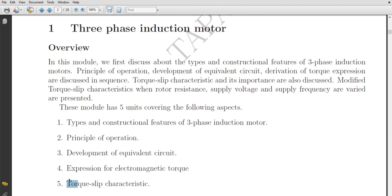In an induction machine, we have two parts: a stator which is stationary and a rotor which is rotating. When we provide a three-phase supply to the stator — which carries a three-phase winding spatially displaced by 120 degrees — a rotating magnetic field is generated. This rotating magnetic field will cut the stationary conductors of the rotor. Due to Faraday's law of electromagnetic induction, because of this linkage of the RMF stator field with the stationary rotor conductors, an induced EMF will be generated in the rotor conductors.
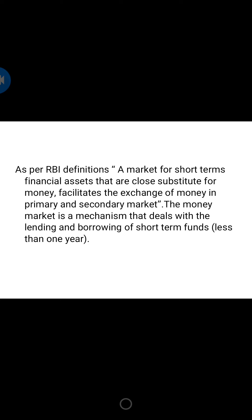The money market is crucial for the smooth functioning of a modern financial economy. It allows savers to lend money to those in need of short-term loans and allocates capital towards its most productive users. These loans, often made overnight or for a few days or weeks, are needed by governments, corporations, and banks to meet their near-term obligations or regulatory requirements, while allowing those with excess cash to earn interest.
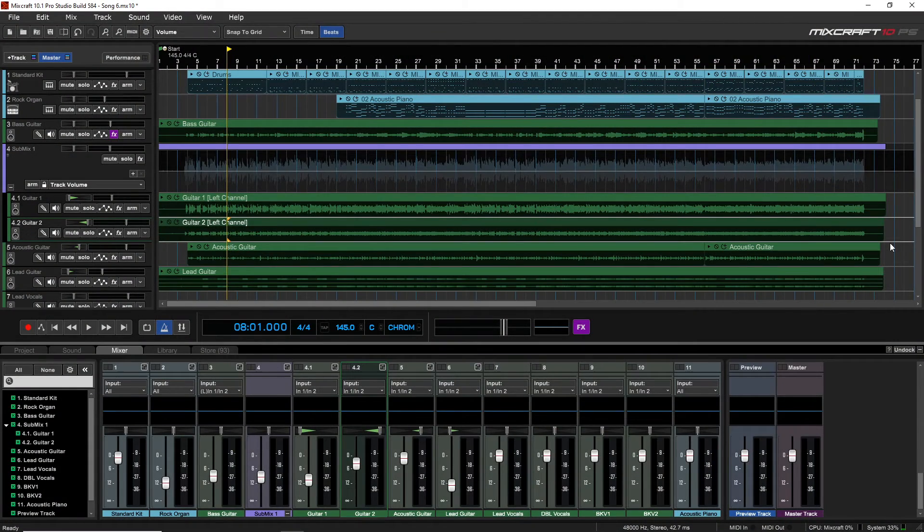We're going to look at a couple of things in this video. First up, we'll look at some basic clip editing, and then we'll get into a really cool feature that's only available in the Pro Studio version, and that's track regions. But let's start out with some clip editing.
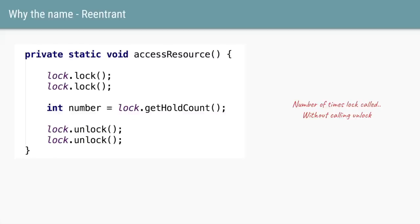Why is the name of this class ReentrantLock? The ReentrantLock allows you to call the lock method multiple times on the same object. Here we are calling the lock method twice, and the number of unlock calls also has to match. To know how many times you've called the lock method, there is a method called getHoldCount() which gives you that count — in this case it will be two.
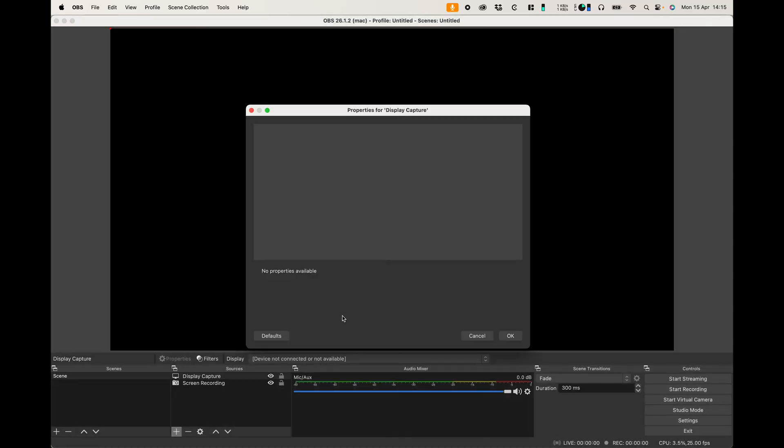Now at the moment you'll see that it doesn't give you any options and the reason is because you need to actually give OBS permission on your Mac settings.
:::::
What is expected: Take the line that contains "Why is the name" as the first and the last line of the records as the end, and please quote those lines exactly, pictures omitted.

Response to the exercise:
Why is the name of this class ReentrantLock? The ReentrantLock allows you to call the lock method multiple times on the same object. Here we are calling the lock method twice, and the number of unlock calls also has to match. To know how many times you've called the lock method, there is a method called getHoldCount() which gives you that count — in this case it will be two.
Now at the moment you'll see that it doesn't give you any options and the reason is because you need to actually give OBS permission on your Mac settings.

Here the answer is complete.